What needs to be done
Beginning with the line containing "Alexander Isak could" and ending at the last line of the data, set down every line exactly, leaving out all pictures.

Input data
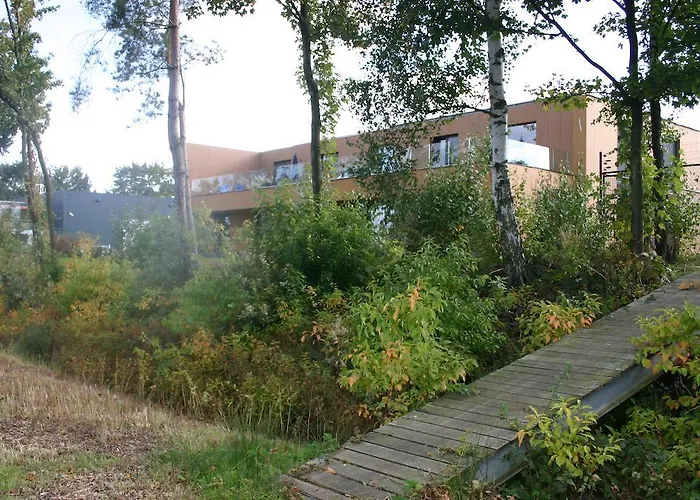 Loft Aan Het Water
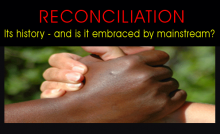 Continual conversion sin, guilt, forgiveness and reconciliation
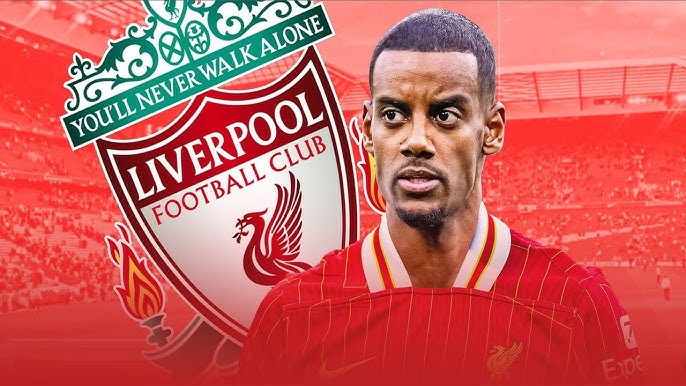 Alexander Isak could make dramatic Newcastle U-turn 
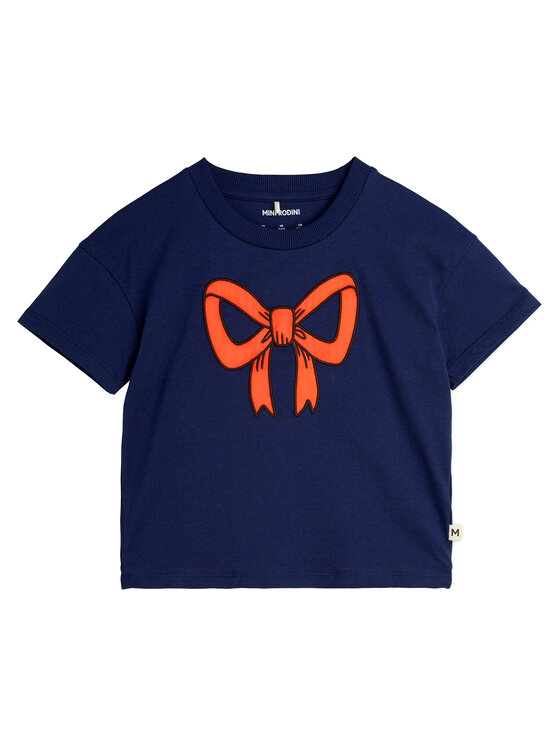 T-Shirt MINI RODINI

The completed task
 Alexander Isak could make dramatic Newcastle U-turn 
 T-Shirt MINI RODINI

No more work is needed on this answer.